# Exercise materials
#####

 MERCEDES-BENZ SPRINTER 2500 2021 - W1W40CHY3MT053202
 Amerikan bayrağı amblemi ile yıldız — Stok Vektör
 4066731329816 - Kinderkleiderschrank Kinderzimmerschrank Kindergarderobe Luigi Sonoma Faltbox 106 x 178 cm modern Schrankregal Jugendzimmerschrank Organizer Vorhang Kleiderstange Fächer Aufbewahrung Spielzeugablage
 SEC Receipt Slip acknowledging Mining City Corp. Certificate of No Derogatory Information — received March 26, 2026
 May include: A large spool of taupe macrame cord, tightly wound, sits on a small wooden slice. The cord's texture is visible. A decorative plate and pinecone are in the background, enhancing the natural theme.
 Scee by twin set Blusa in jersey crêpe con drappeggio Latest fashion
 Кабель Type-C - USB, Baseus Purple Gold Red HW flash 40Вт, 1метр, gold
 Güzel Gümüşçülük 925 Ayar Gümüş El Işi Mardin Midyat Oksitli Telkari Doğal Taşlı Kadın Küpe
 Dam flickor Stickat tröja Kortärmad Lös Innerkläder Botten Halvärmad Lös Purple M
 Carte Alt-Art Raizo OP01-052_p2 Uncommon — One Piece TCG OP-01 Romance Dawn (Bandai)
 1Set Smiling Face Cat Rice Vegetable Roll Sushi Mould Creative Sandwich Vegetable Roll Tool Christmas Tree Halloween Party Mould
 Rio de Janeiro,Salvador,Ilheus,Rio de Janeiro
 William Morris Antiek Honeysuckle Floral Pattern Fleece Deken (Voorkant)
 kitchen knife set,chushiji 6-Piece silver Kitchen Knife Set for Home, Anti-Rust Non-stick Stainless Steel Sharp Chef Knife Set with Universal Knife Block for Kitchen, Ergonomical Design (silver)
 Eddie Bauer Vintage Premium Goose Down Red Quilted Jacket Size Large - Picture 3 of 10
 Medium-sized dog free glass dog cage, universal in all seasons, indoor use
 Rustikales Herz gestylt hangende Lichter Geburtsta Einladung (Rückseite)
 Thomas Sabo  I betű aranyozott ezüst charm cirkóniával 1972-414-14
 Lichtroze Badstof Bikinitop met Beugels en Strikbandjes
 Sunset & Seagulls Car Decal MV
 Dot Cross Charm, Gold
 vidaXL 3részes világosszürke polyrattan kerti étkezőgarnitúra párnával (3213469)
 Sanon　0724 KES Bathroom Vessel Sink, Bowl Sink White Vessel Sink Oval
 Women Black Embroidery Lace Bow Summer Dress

#####

# About this exercise
Write all the records out again. Nothing may differ from the original.

# Result below
 MERCEDES-BENZ SPRINTER 2500 2021 - W1W40CHY3MT053202
 Amerikan bayrağı amblemi ile yıldız — Stok Vektör
 4066731329816 - Kinderkleiderschrank Kinderzimmerschrank Kindergarderobe Luigi Sonoma Faltbox 106 x 178 cm modern Schrankregal Jugendzimmerschrank Organizer Vorhang Kleiderstange Fächer Aufbewahrung Spielzeugablage
 SEC Receipt Slip acknowledging Mining City Corp. Certificate of No Derogatory Information — received March 26, 2026
 May include: A large spool of taupe macrame cord, tightly wound, sits on a small wooden slice. The cord's texture is visible. A decorative plate and pinecone are in the background, enhancing the natural theme.
 Scee by twin set Blusa in jersey crêpe con drappeggio Latest fashion
 Кабель Type-C - USB, Baseus Purple Gold Red HW flash 40Вт, 1метр, gold
 Güzel Gümüşçülük 925 Ayar Gümüş El Işi Mardin Midyat Oksitli Telkari Doğal Taşlı Kadın Küpe
 Dam flickor Stickat tröja Kortärmad Lös Innerkläder Botten Halvärmad Lös Purple M
 Carte Alt-Art Raizo OP01-052_p2 Uncommon — One Piece TCG OP-01 Romance Dawn (Bandai)
 1Set Smiling Face Cat Rice Vegetable Roll Sushi Mould Creative Sandwich Vegetable Roll Tool Christmas Tree Halloween Party Mould
 Rio de Janeiro,Salvador,Ilheus,Rio de Janeiro
 William Morris Antiek Honeysuckle Floral Pattern Fleece Deken (Voorkant)
 kitchen knife set,chushiji 6-Piece silver Kitchen Knife Set for Home, Anti-Rust Non-stick Stainless Steel Sharp Chef Knife Set with Universal Knife Block for Kitchen, Ergonomical Design (silver)
 Eddie Bauer Vintage Premium Goose Down Red Quilted Jacket Size Large - Picture 3 of 10
 Medium-sized dog free glass dog cage, universal in all seasons, indoor use
 Rustikales Herz gestylt hangende Lichter Geburtsta Einladung (Rückseite)
 Thomas Sabo  I betű aranyozott ezüst charm cirkóniával 1972-414-14
 Lichtroze Badstof Bikinitop met Beugels en Strikbandjes
 Sunset & Seagulls Car Decal MV
 Dot Cross Charm, Gold
 vidaXL 3részes világosszürke polyrattan kerti étkezőgarnitúra párnával (3213469)
 Sanon　0724 KES Bathroom Vessel Sink, Bowl Sink White Vessel Sink Oval
 Women Black Embroidery Lace Bow Summer Dress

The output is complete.